### YOUR ASSIGNMENT
Leave the pictures in the listing below aside and reproduce exactly the lines starting with the one with "Білий Кіа Карнівал, об'ємом" and going on through the one with "Hyundai Grandeur 2022", both ends included.

### STUDY MATERIAL
==*==
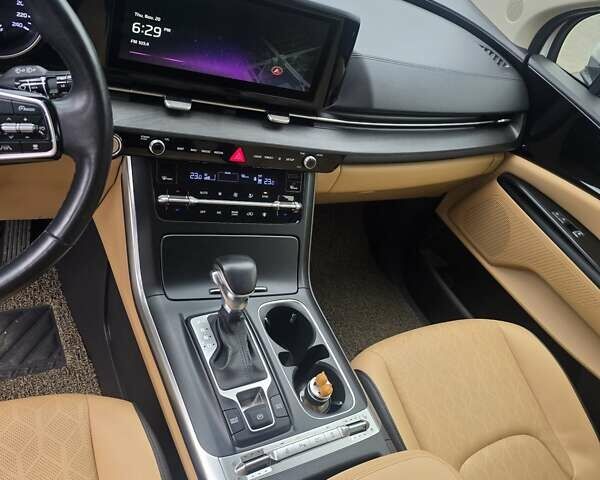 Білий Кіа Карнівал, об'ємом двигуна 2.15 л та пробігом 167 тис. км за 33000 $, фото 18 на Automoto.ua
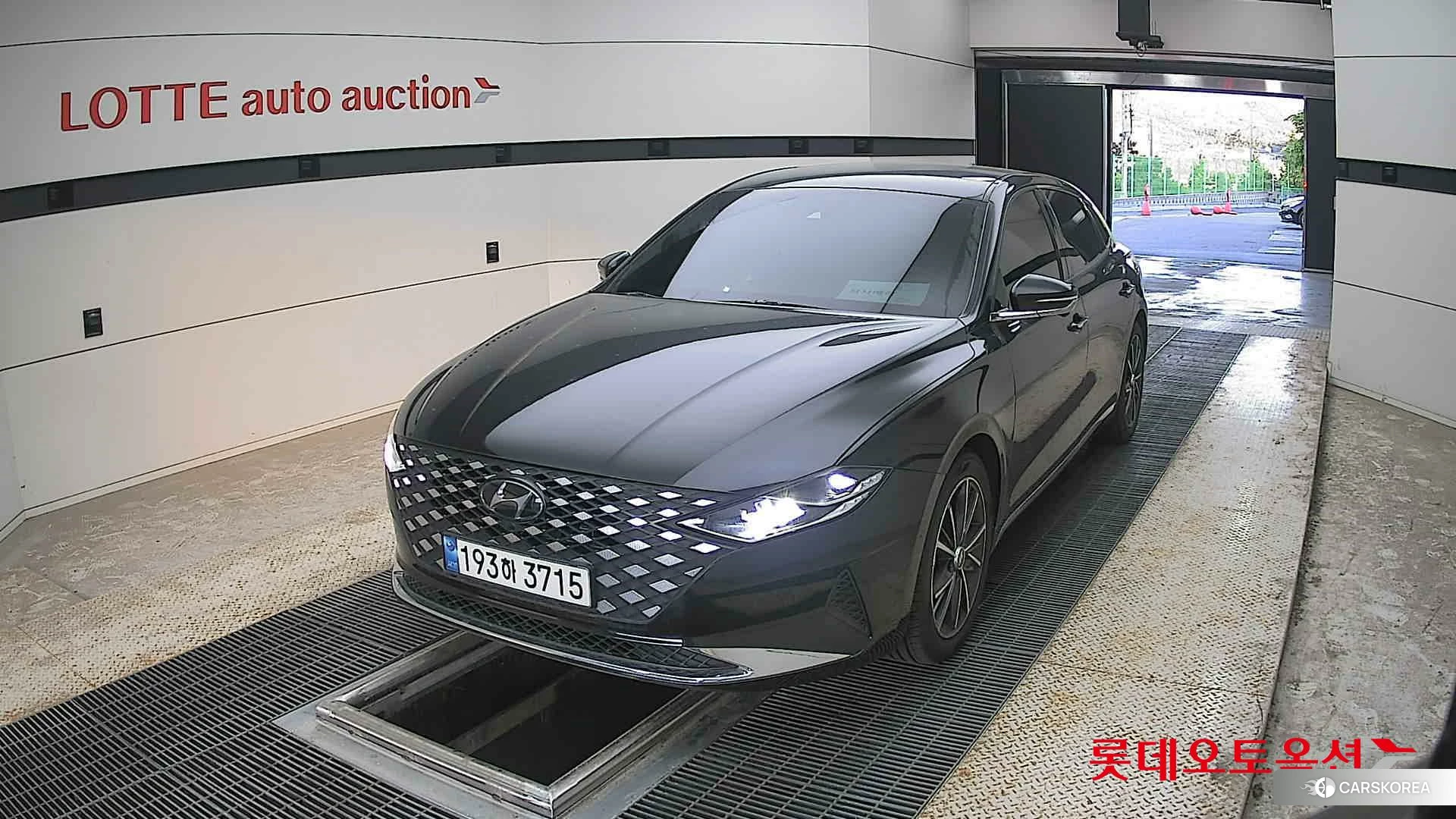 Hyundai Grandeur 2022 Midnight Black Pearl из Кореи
==*==
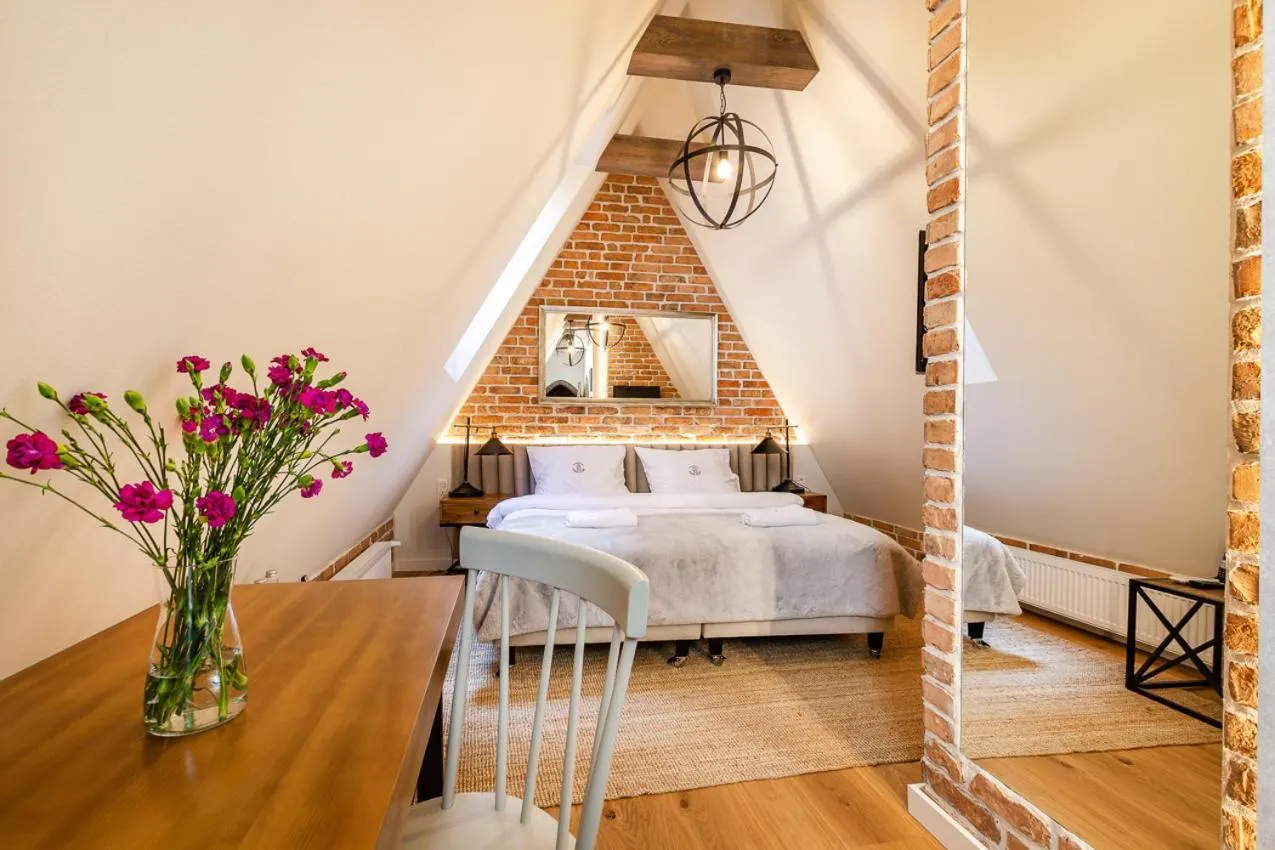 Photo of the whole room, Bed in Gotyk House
==*==
### YOUR SOLUTION
 Білий Кіа Карнівал, об'ємом двигуна 2.15 л та пробігом 167 тис. км за 33000 $, фото 18 на Automoto.ua
 Hyundai Grandeur 2022 Midnight Black Pearl из Кореи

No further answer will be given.